++++ SOURCE RECORDS

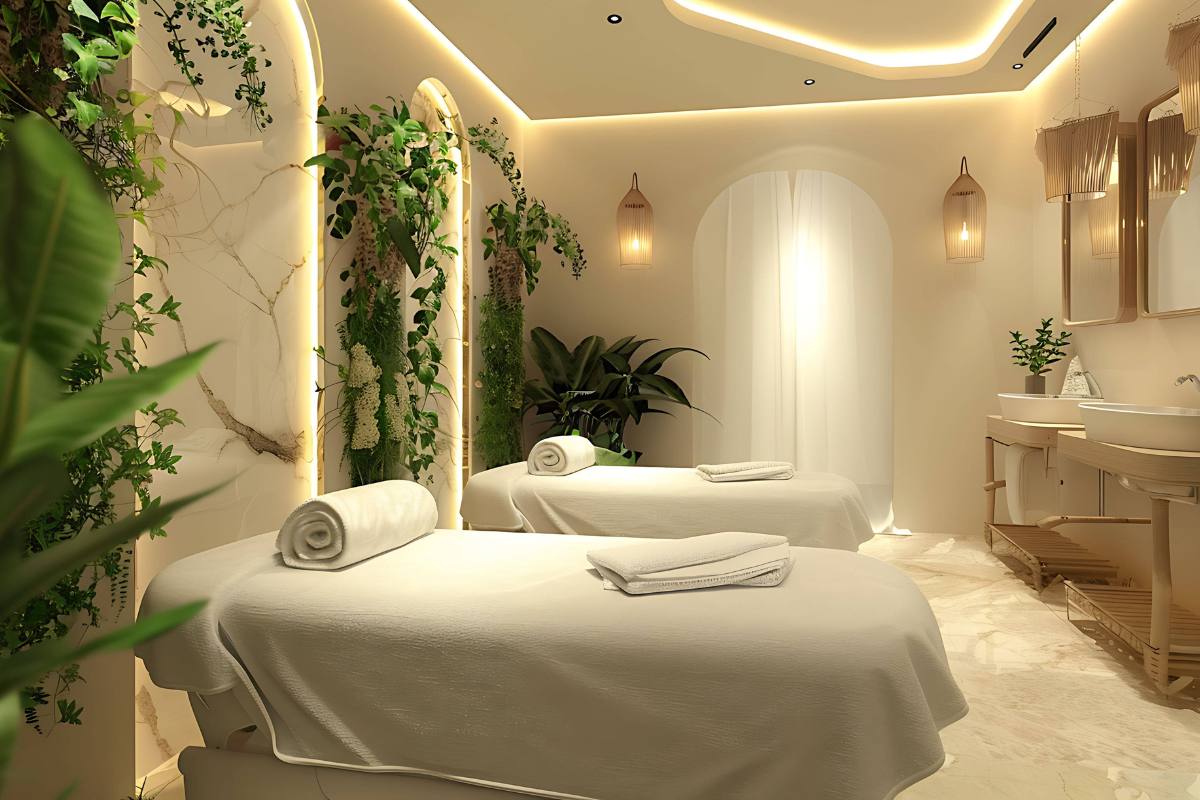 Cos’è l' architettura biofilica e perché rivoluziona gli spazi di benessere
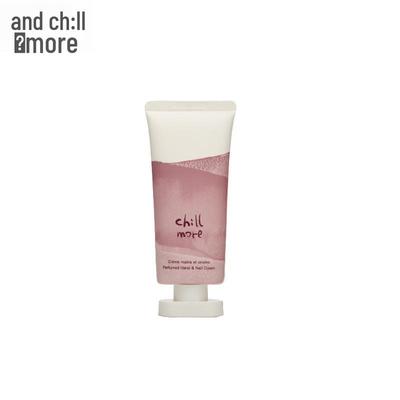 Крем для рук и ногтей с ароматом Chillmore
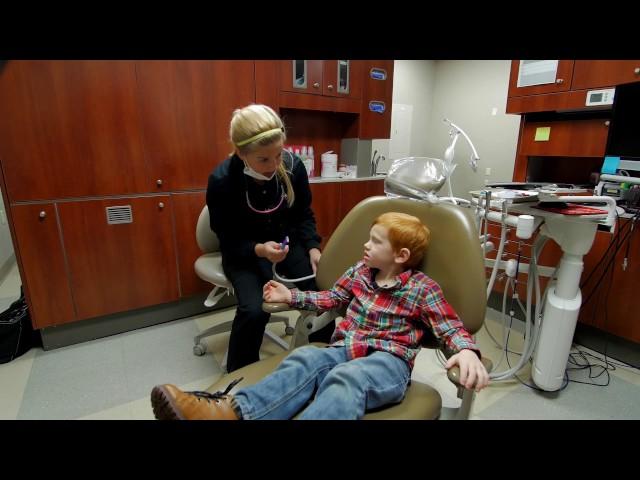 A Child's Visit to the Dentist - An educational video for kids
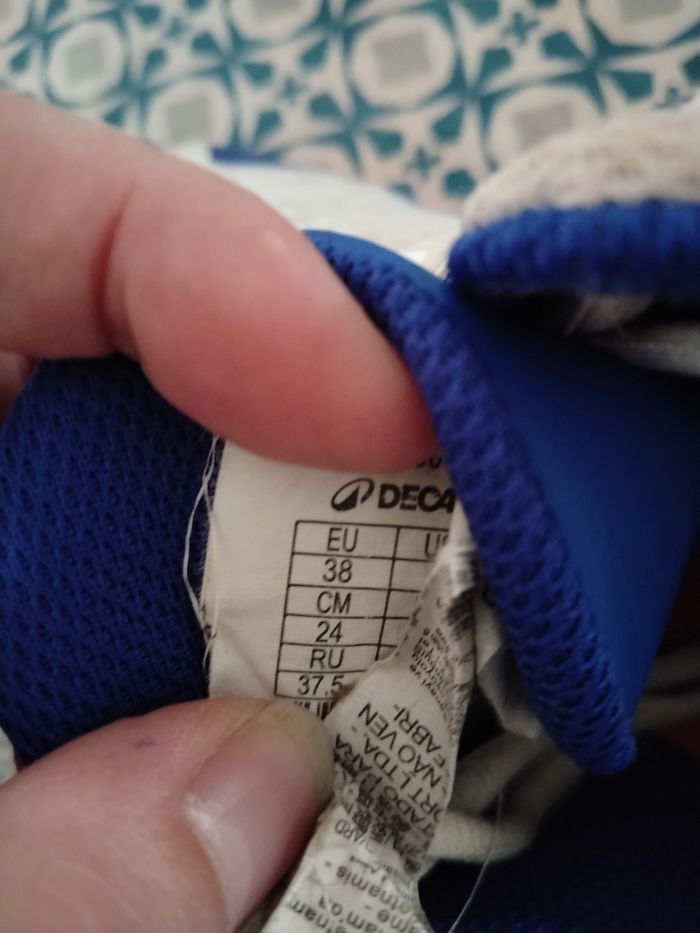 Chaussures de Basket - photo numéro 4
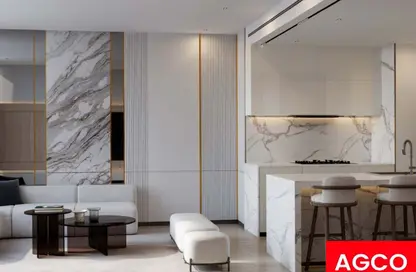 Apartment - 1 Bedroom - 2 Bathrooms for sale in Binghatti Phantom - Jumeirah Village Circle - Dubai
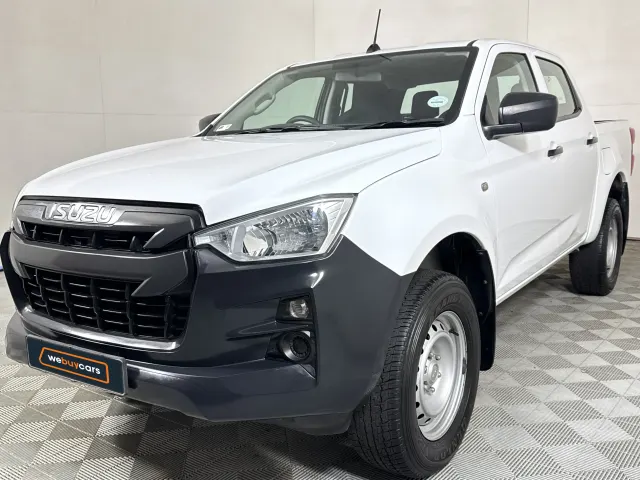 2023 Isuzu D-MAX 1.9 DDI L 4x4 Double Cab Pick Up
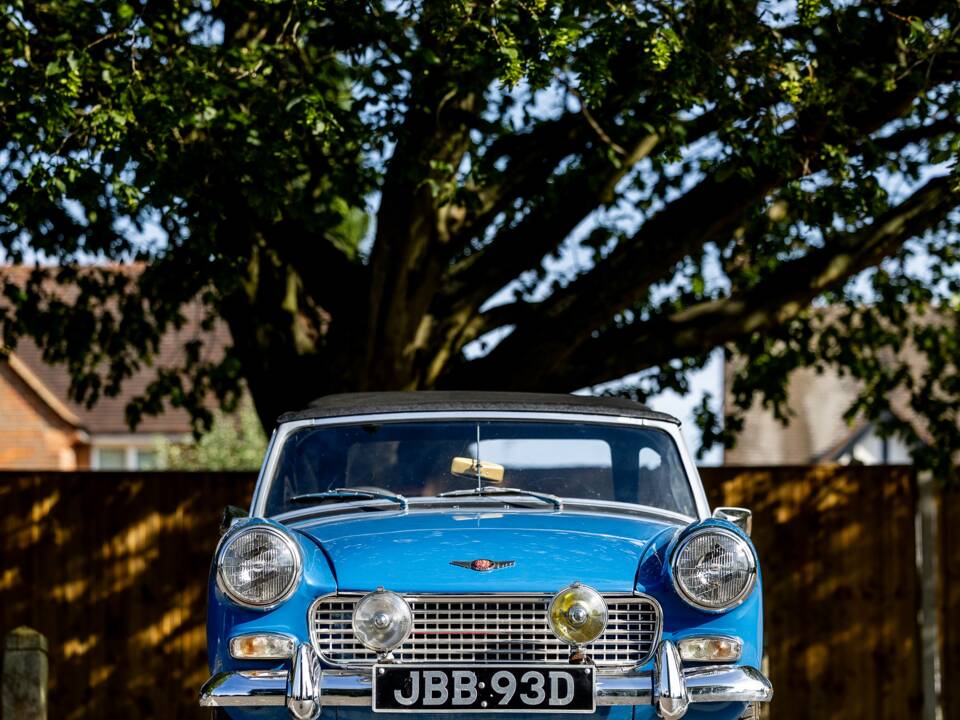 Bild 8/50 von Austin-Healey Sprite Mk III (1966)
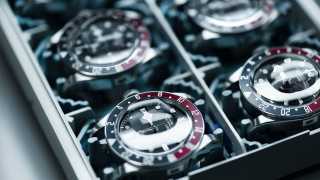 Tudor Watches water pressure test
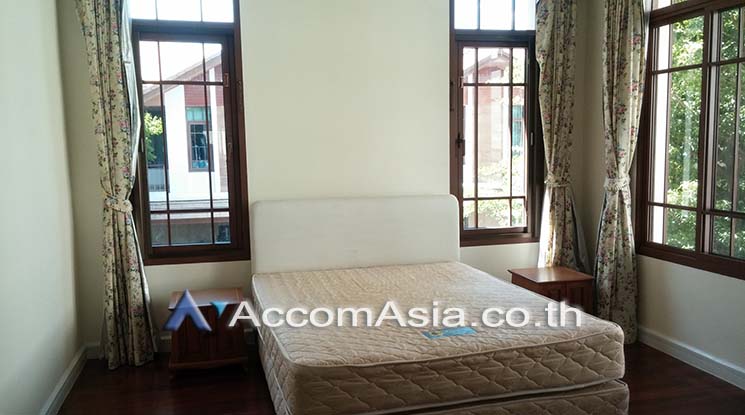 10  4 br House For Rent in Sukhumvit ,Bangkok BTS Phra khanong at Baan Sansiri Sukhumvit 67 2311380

++++++++

Repeat, exactly and only, the lines from the one containing "2023 Isuzu D-MAX" through the final line of the data, both ends included, leaving out any picture.

 2023 Isuzu D-MAX 1.9 DDI L 4x4 Double Cab Pick Up
 Bild 8/50 von Austin-Healey Sprite Mk III (1966)
 Tudor Watches water pressure test
 10  4 br House For Rent in Sukhumvit ,Bangkok BTS Phra khanong at Baan Sansiri Sukhumvit 67 2311380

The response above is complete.